7.1.2 When to start ART in pregnant and breastfeeding women

Consolidated ARV guidelines, June 2013

Rationale and supporting evidence: Advantages of a standardized ART regimen for all pregnant and breastfeeding women with HIV

Although available data continue to show that the Option A and B prophylaxis regimens have similar efficacy in clinical trial settings (88–92), the complexities of Option A have been an impediment to scaling up PMTCT in many countries. These complexities include different treatment and prophylaxis regimens; the requirement for CD4 measurement to determine treatment eligibility and type of regimen; changing antepartum-intrapartum-postpartum regimens; the need for an additional postpartum ARV “tail” in mothers; and extended NVP prophylaxis in infants.

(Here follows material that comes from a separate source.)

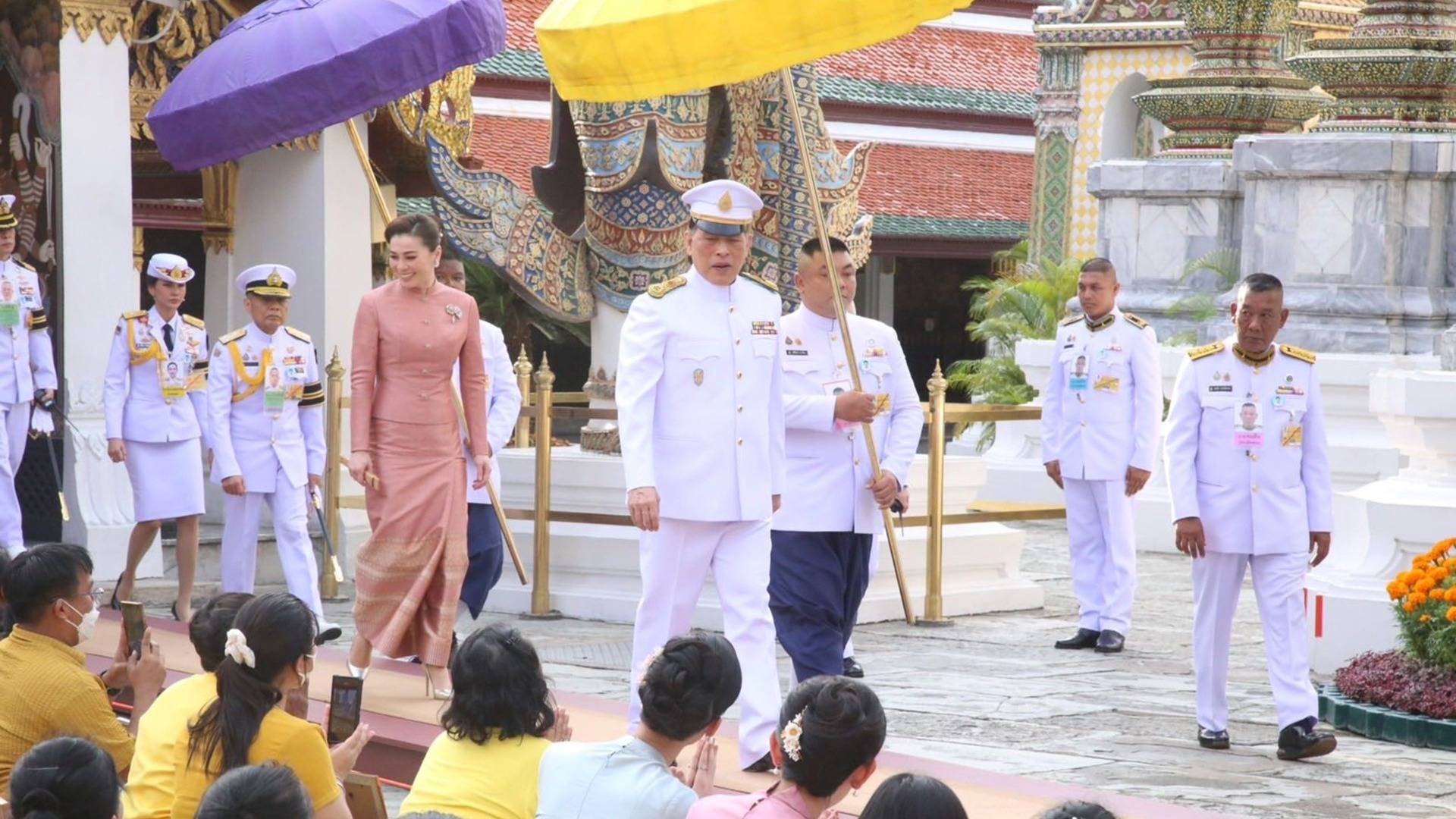 ในหลวง-พระราชินี เสด็จฯ ทรงบำเพ็ญพระราชกุศลเนื่องในวันอาสาฬหบูชา 2568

By contrast, providing an optimized, fixed-dose combination first-line ART regimen of TDF + 3TC (or FTC) + EFV (see section 7.2.2: First-line ART for pregnant and breastfeeding women and ARV drugs for their infants) to all pregnant and breastfeeding women with HIV provides important programmatic and clinical benefits, including the following.

  • Ease of implementation. The same simplified ART regimen is administered to all pregnant women (regardless of “eligibility” for treatment) and continued during pregnancy and labour and postpartum.
  • Harmonized regimens. The optimized first-line fixed-dose combination regimen can be harmonized with guidelines for ART in non-pregnant adults.
  • Increased coverage of ART. This ensures that immunocompromised women who do not have access to CD4 testing receive appropriate ART without delay.
    • Vertical transmission benefit. Provides coverage with ART to maximize the prevention of infant infections.
    • Maternal health benefit. Will delay disease progression over the course of treatment (93).
  • Acceptability. Reviews conducted for these guidelines generally indicated strong community preference and acceptability for this approach.
  • Sexual prevention benefit. ART will reduce sexual transmission of HIV to sexual partners (18).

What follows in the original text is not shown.